* [Task objective] Retype the material that follows exactly, limited to the lines from the one with "Imagen referencial |" through the one with "Emekçiler İşi Bıraktı (6)", and keep out all pictures.

Data supplied START

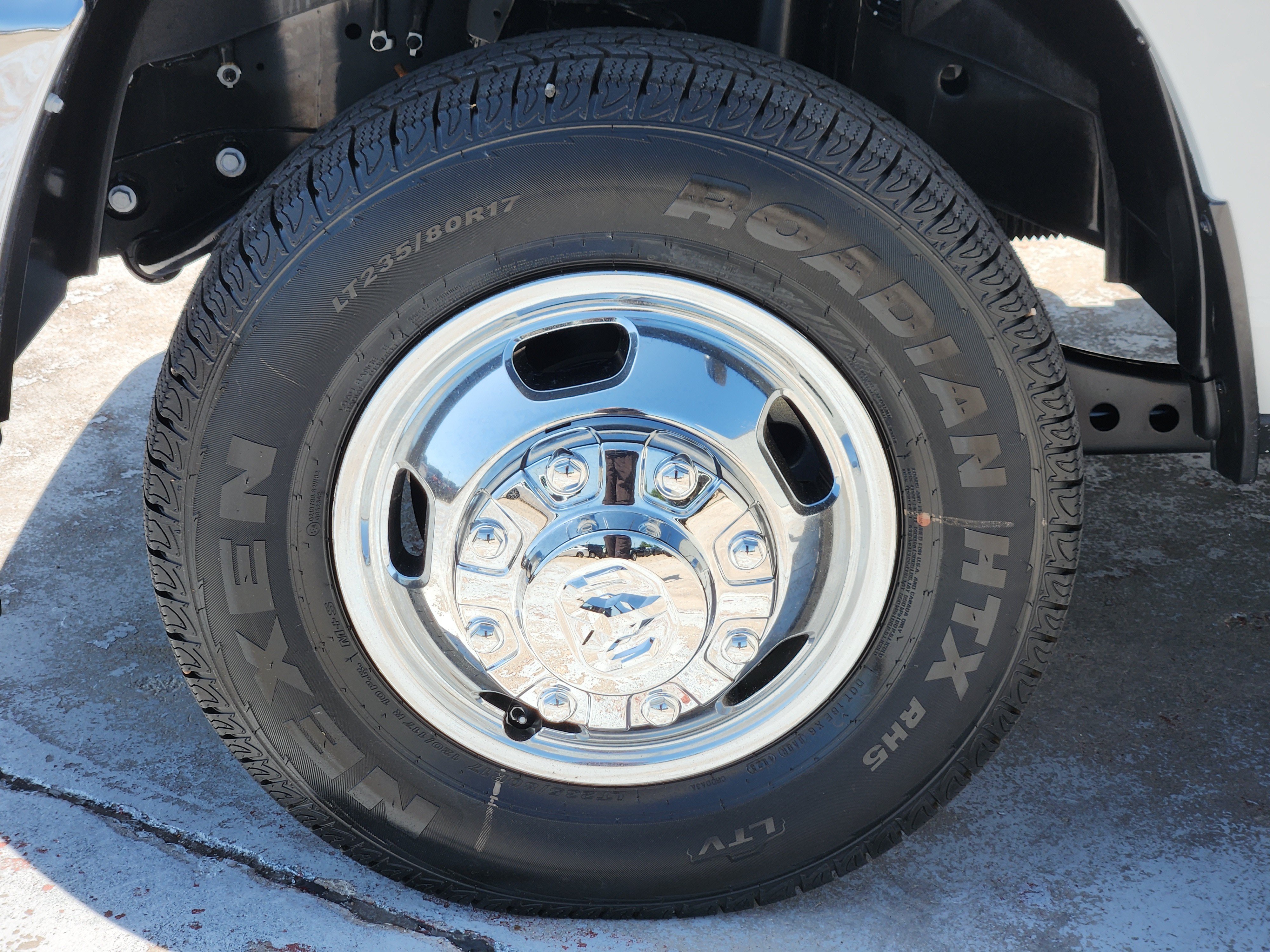 New 2026 RAM 3500 Tradesman AWD/4WD image 10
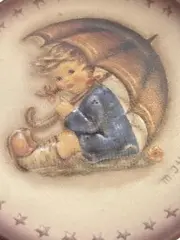 Vorschaubild 3 von M.I. Hummel Sammelteller 1982 Kleiner Regent Junge Schirm Porzellan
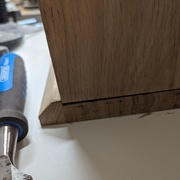 A l'extérieur évidemment ça colle pas...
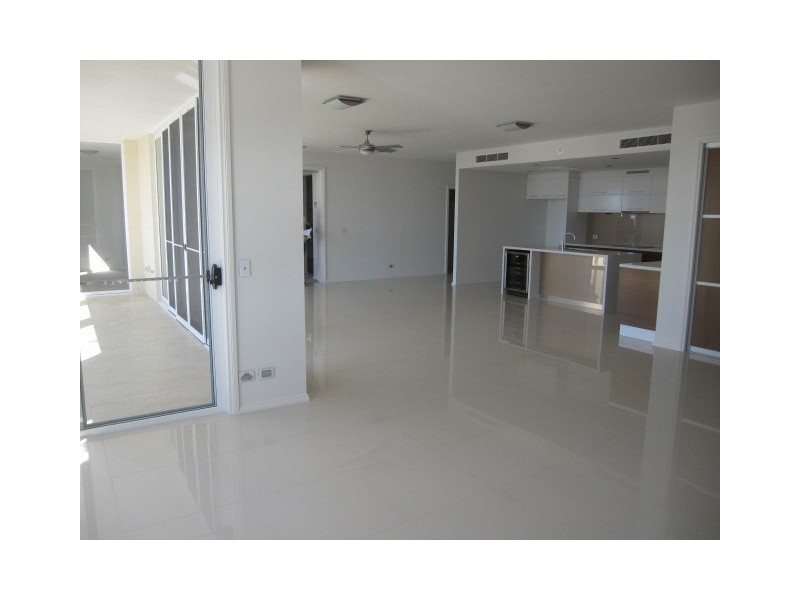 3093/3029 The Boulevard, Carrara QLD 4211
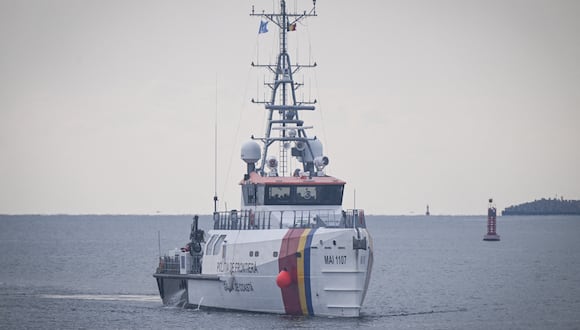 Imagen referencial | Un buque de la guardia costera de la policía fronteriza rumana. (Foto de Daniel MIHAILESCU / AFP)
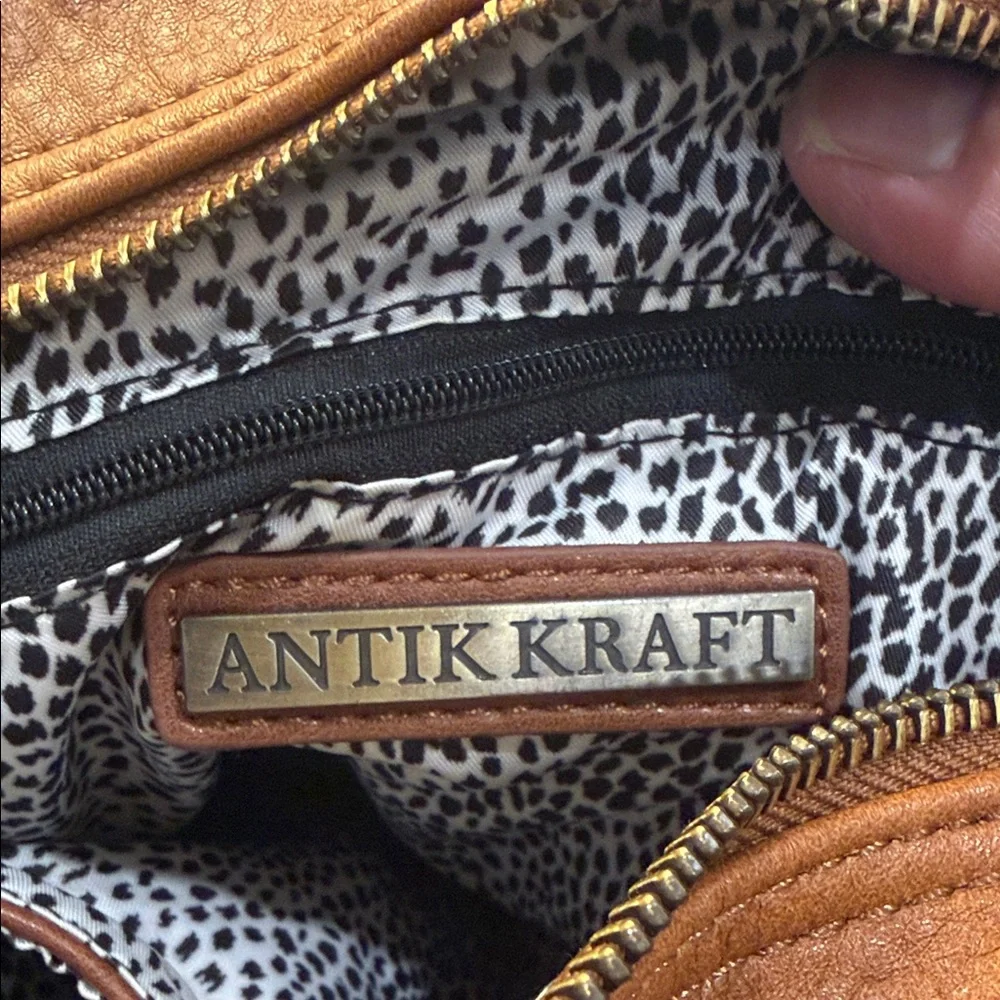 Elegant Brown Leather Cross Body Handbag - Picture 5 of 7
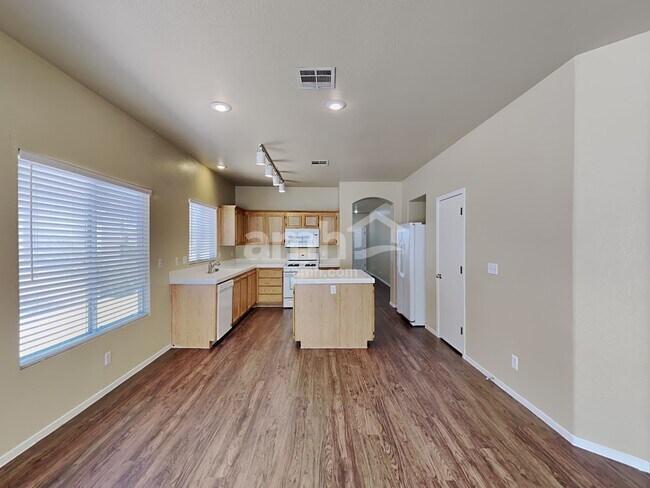 Foto del edificio - 6809 Urania Ct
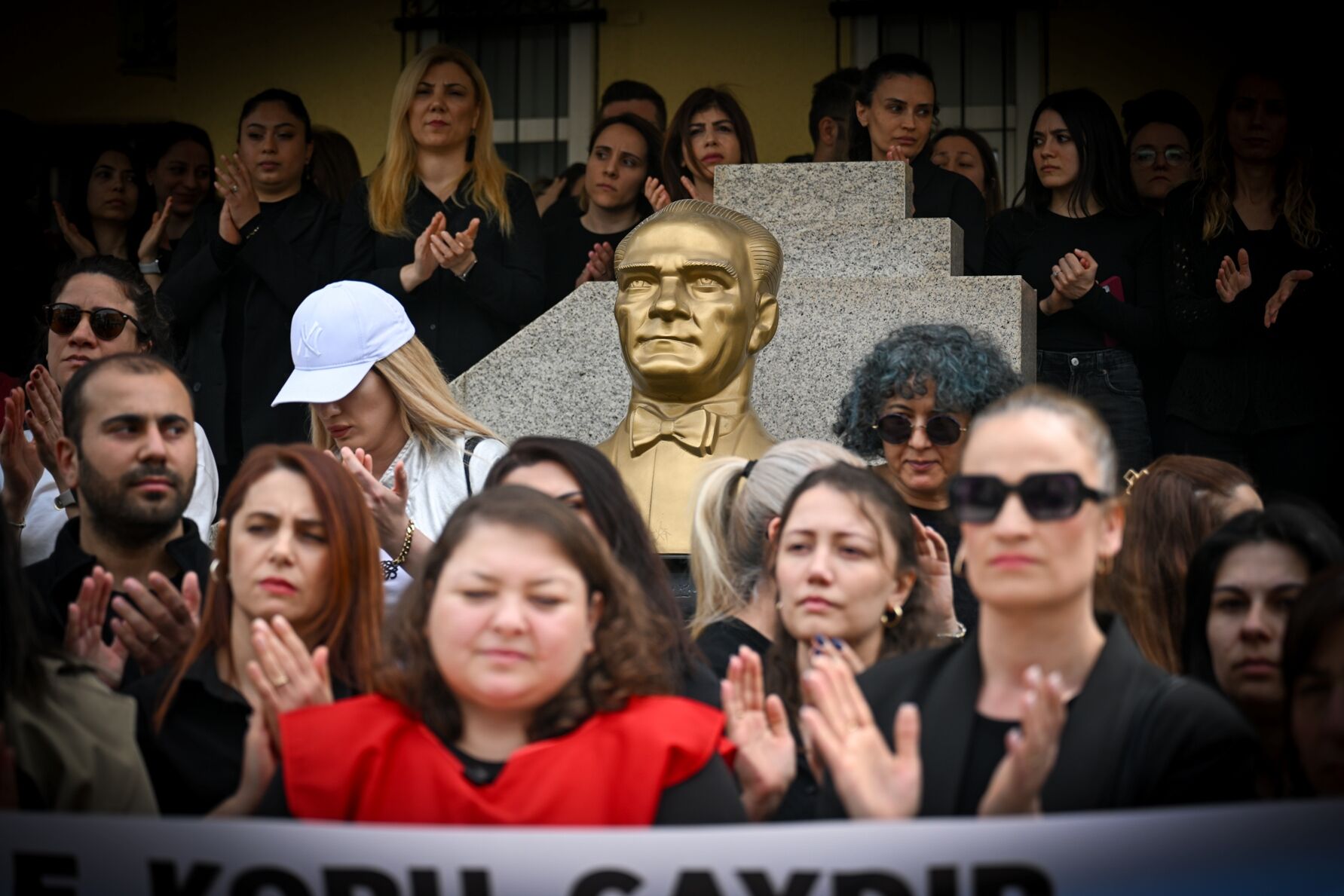 Emekçiler İşi Bıraktı (6)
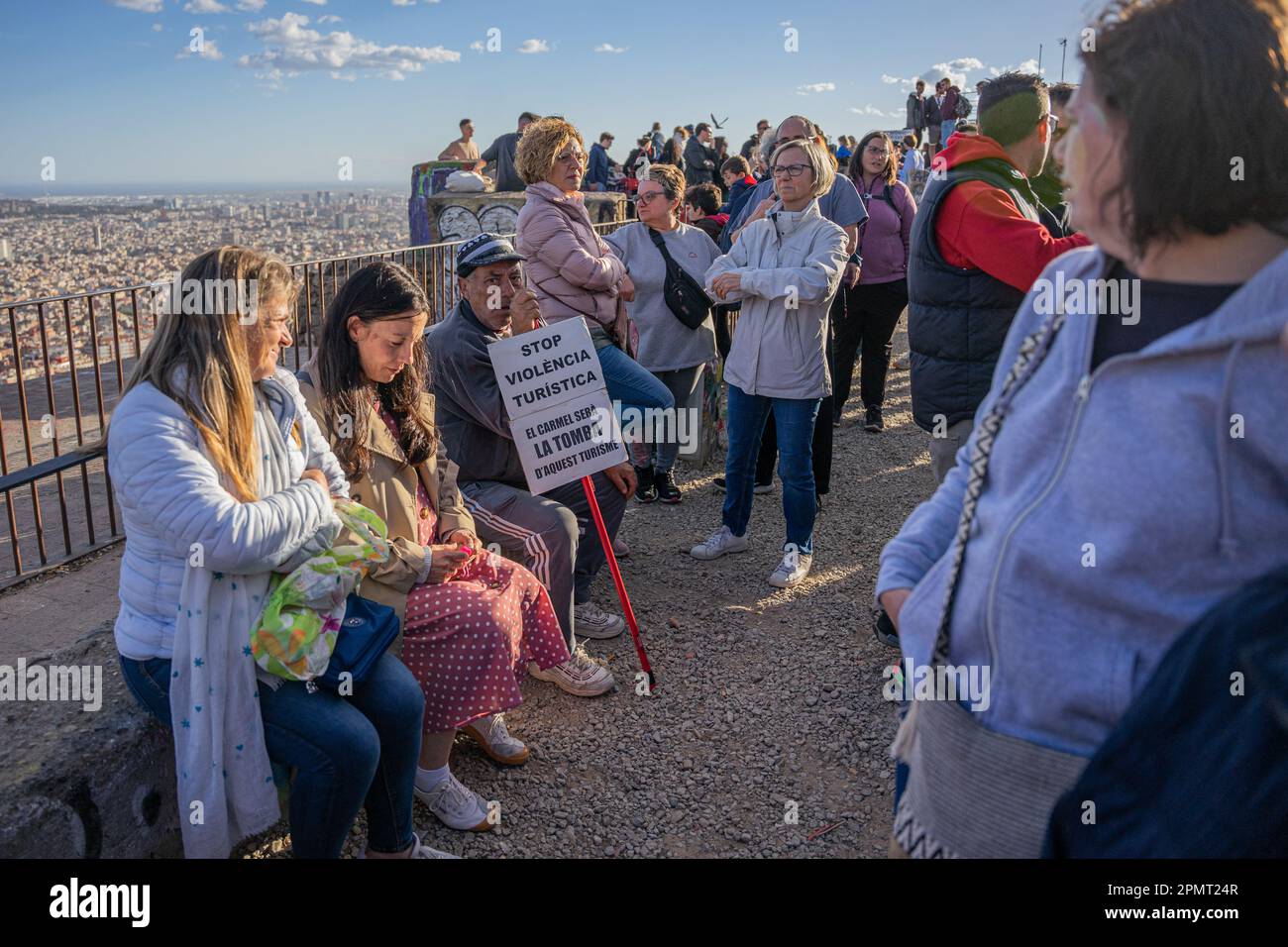 Barcelona, Barcelona, Spanien. 14. April 2023. Dutzende von Einwohnern des Carmel-Viertels protestieren gegen das Unglück, das von Touristen in den Bunkern del Carmel verursacht wird, vor allem nachts. Der Aussichtspunkt Bunkers del Carmel ist zu einer der wichtigsten Touristenattraktionen in Barcelona geworden, vor allem aufgrund seiner Verbreitung in sozialen Netzwerken. (Kreditbild: © Marc Asensio Clupes/ZUMA Press Wire) NUR REDAKTIONELLE VERWENDUNG! Nicht für den kommerziellen GEBRAUCH! Kredit: ZUMA Press, Inc./Alamy Live News Stockfoto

Data supplied END

* [Exercise result]
 Imagen referencial | Un buque de la guardia costera de la policía fronteriza rumana. (Foto de Daniel MIHAILESCU / AFP)
 Elegant Brown Leather Cross Body Handbag - Picture 5 of 7
 Foto del edificio - 6809 Urania Ct
 Emekçiler İşi Bıraktı (6)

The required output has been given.